Last October, California Governor Gavin Newsom signed AB 1076 into law and it became effective as of January 1, 2024. AB 1076 was the Legislature’s attempt to codify the California Supreme Court’s 2008 decision, Edwards v. Arthur Anderson LLP, which held that non-compete agreements in the employment context are unenforceable unless they fall within one of the three narrow statutory exceptions dealing primarily with the sale of business interests. AB 1076 makes clear that requiring an employee to enter into a non-compete is unlawful and can subject the employer to penalties of up to $2,500 per violation.
Importantly, AB 1076 imposes a written notification requirement on employers with a deadline for compliance of February 14, 2024. Employers should be reviewing all of their employment agreements (i.e. employment offer letters, employment agreements, severance agreements, etc.) to determine whether any of them contain unlawful non-compete and/or non-solicitation provisions. If so, employers will have to provide written notification to the affected employees (including former employees if they were employed on or after January 1, 2022) that the non-compete/non-solicitation provisions are void and will not be enforced.

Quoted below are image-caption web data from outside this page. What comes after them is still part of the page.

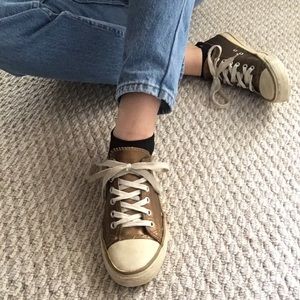 Gold Converse Style Sneakers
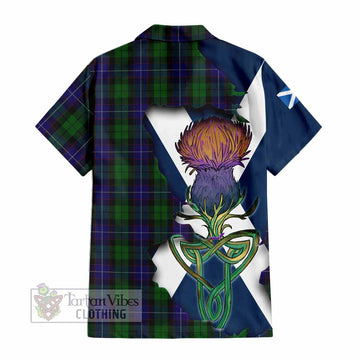 Mitchell Tartan Family Crest Hawaiian Shirt Scottish Thistle Celtic Inspired - Tartan Vibes Clothing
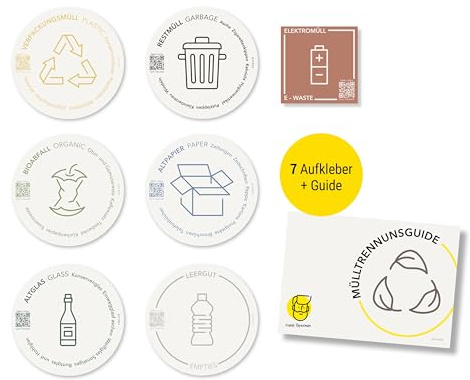 Frank Paperman® 7x große Mülltrennung Aufkleber (Ø 9,5 cm) – wetterfest & UV-beständig, selbstklebend, zweisprachig DE/EN, mit QR-Code Recycling-Guide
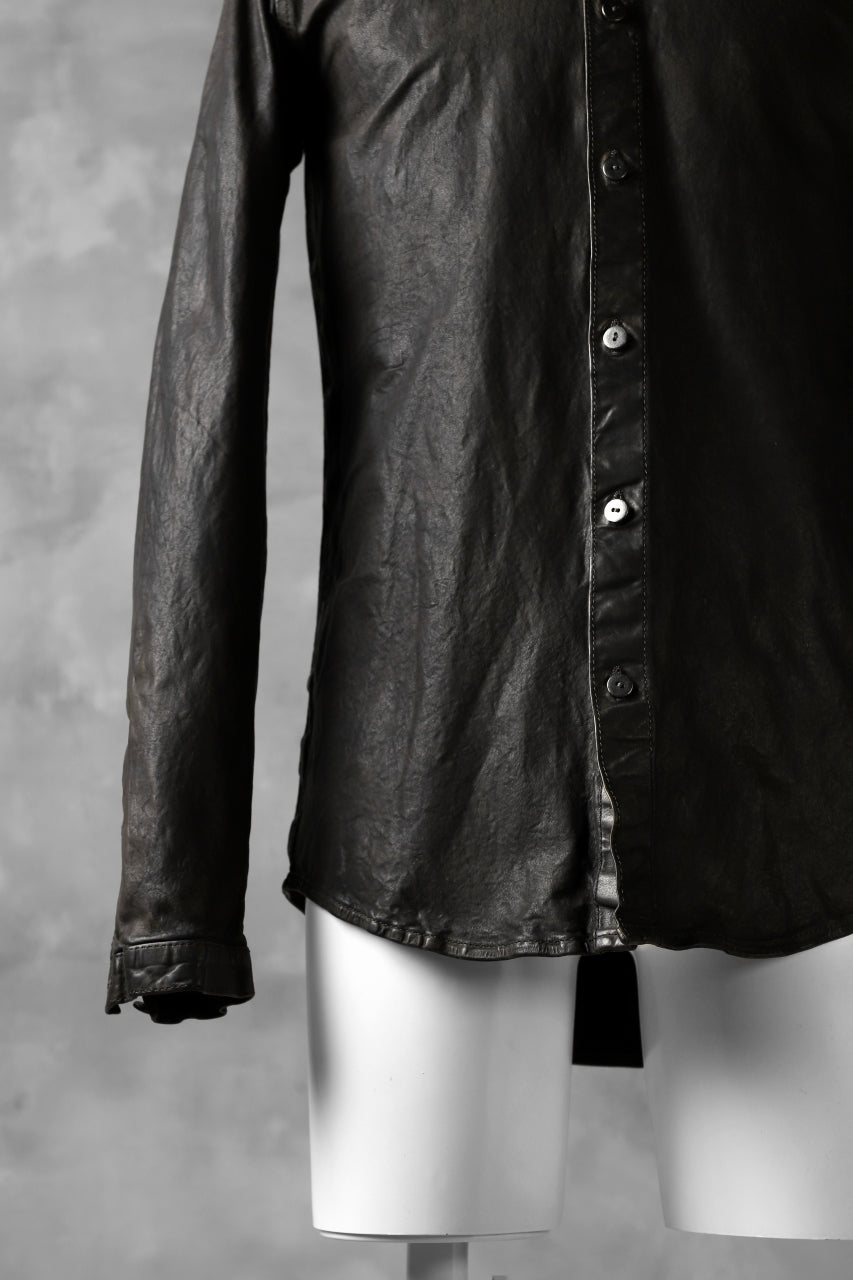 Load image into Gallery viewer, ISAMU KATAYAMA BACKLASH exclusive LEATHER SHIRT / ITALY SHOULDER 0.6mm (DARK GREY)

The written notice to an affected employee should:
(1) Identify the specific agreement/provisions at issue;
(2) advise the employee of changes in California law regarding non-compete provisions; and
(3) make clear that the employer will not seek to enforce such provision against the employee.
The written notice must be mailed or emailed to the employee’s last known address by February 14, 2024.
Employers should immediately contact their legal counsel if they have questions about compliance with AB 1076’s notification requirement. Again, the deadline for the written notification is less than one month away.